Her use of the circular canvas was used as a symbol of the cyclical nature of life’s many stages and the continuity between man and nature. Her themes were often metaphysical, mythological and mystical stemming from her early conversations as a child with her father, her discovery of the 17th century Rosicrucianism spiritual movement and an interest in the Eastern Relgions and the New Age movement including the writings of Edgar Cayce.
The artist would continue painting throughout her life, showing regularly in New York City and throughout the United States, but Betty Blayton was also a pioneer of the Harlem art scene as well as in the field of arts education. She was the co-founder of The Studio Museum in Harlem and the co-founder and Executive Director of the Children’s Art Carnival in Harlem for 30 years. One of her most successful students was Jean-Michel Basquiat. The museum-quality exhibition at the Mnuchin Gallery was curated by Sukanya Rajaratnam and is accompanied by a fully illustrated catalogue authored by Betty Blayton’s close friend and art historian, Lowery Stokes Sims.

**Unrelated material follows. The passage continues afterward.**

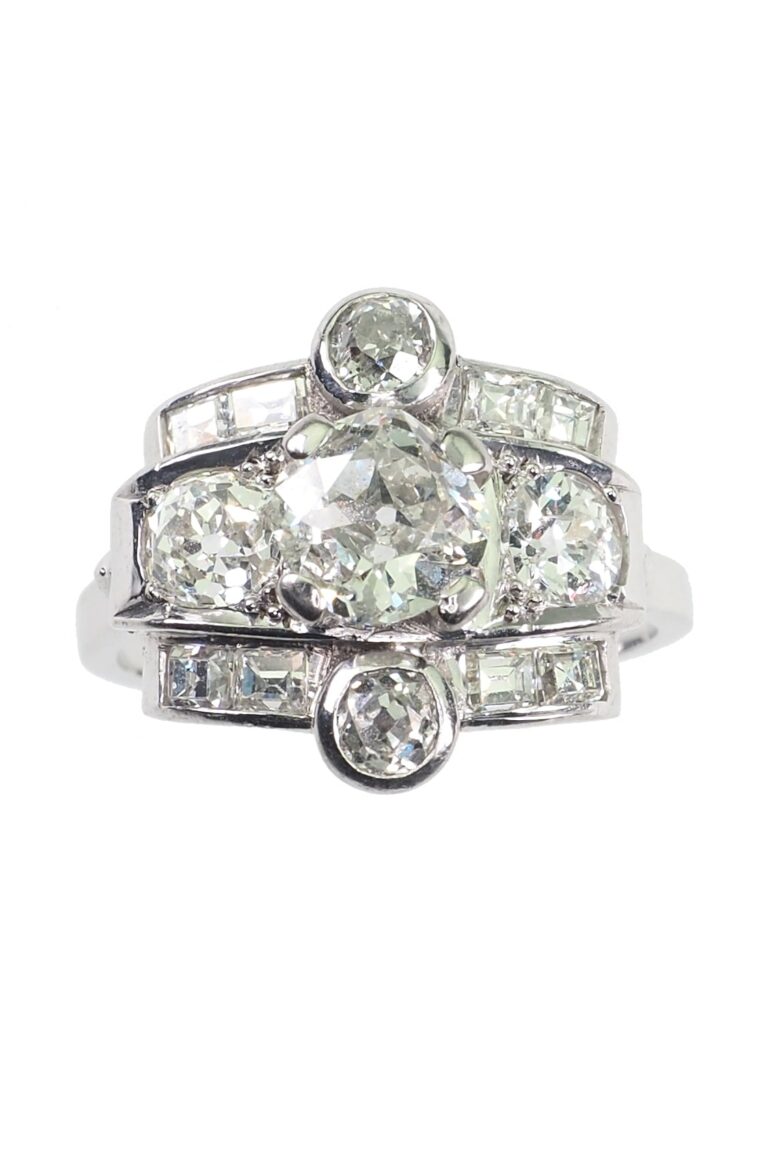 Art Déco Ring mit Diamanten aus 18 Karat Gold und Platin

Blayton came to New York City in the early ’60s and, not long after, moved to a loft on Bond Street in the Lower East Side, reasoning that she needed to be close to where Andy Warhol hung out if she “was going to be the first famous Black artist in America,” as she said in a 2003 interview.

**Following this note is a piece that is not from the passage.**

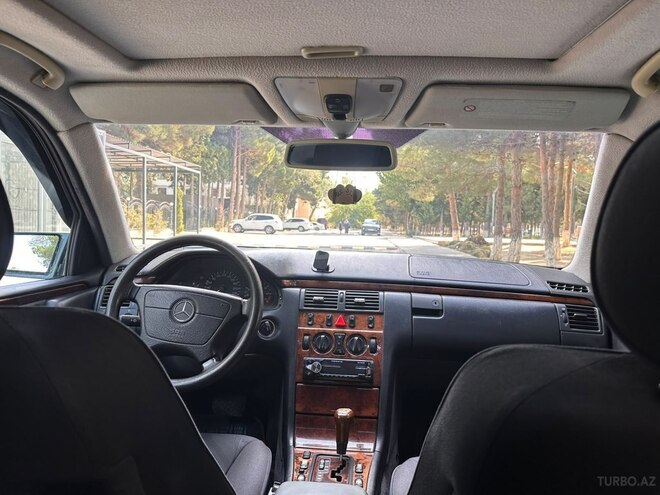 Mercedes E 240 1999, 350,000 km - 2.4 л - Sumqayıt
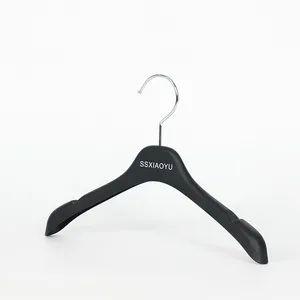 Clothing Store Display Custom Plastic Hangers for Children's Clothes with Logo - Quanzhou Hexing Display Products Co., Ltd. - China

“I had to be where it was happening,” she continued. “But I ended up spending the next 35 years working in Harlem.”
Blayton came to the city yearning to be part of something. And then the community she joined ended up looking a lot different than she’d imagined. Nearly a half century later, many of the visual artists in her circle are getting the mainstream attention they never had back then—people like Norman Lewis and Richard Mayhew.

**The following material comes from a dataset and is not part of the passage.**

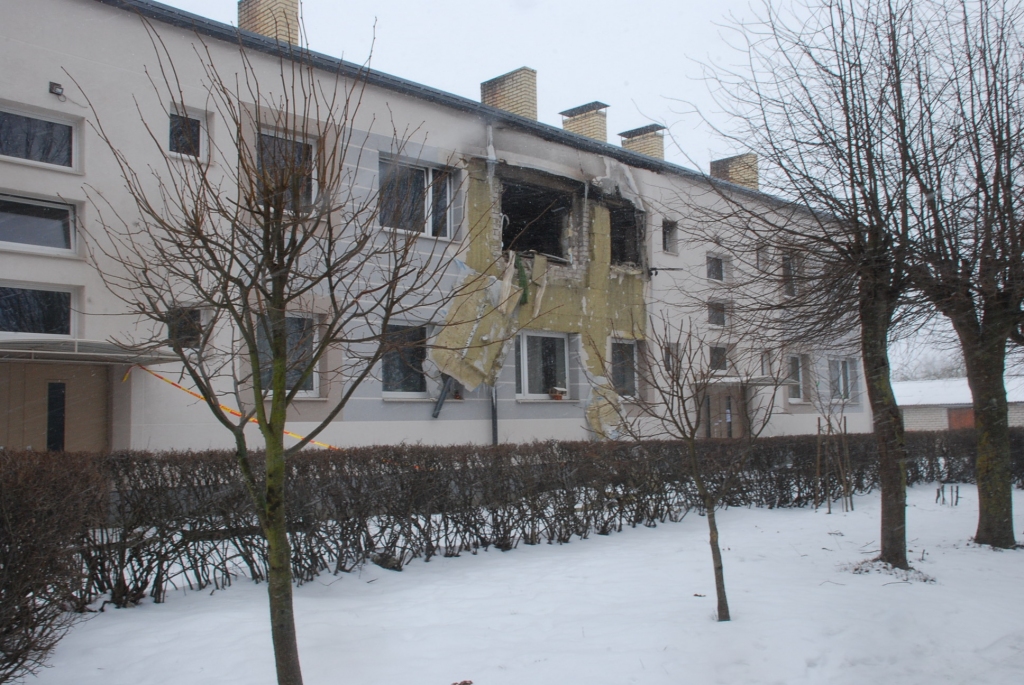 Nīcas māja, kur notika ugunsnelaime, ir neatgriezeniski bojāta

Now, New York’s Mnuchin Gallery is presenting a survey of Blayton’s work, including more than 50 mostly abstract paintings dating from the 1960s to 2015, the year before her death.
The show reflects the holistic, mind-body-and-soul approach she also applied to her work as an education and institution builder—including as the co-founder of the Studio Museum in Harlem.
By: Dodie Kazanjian
Betty Blayton: In Search of Grace at Mnuchin Gallery, the largest exhibition to date of Blayton’s work. (September 8–October 16)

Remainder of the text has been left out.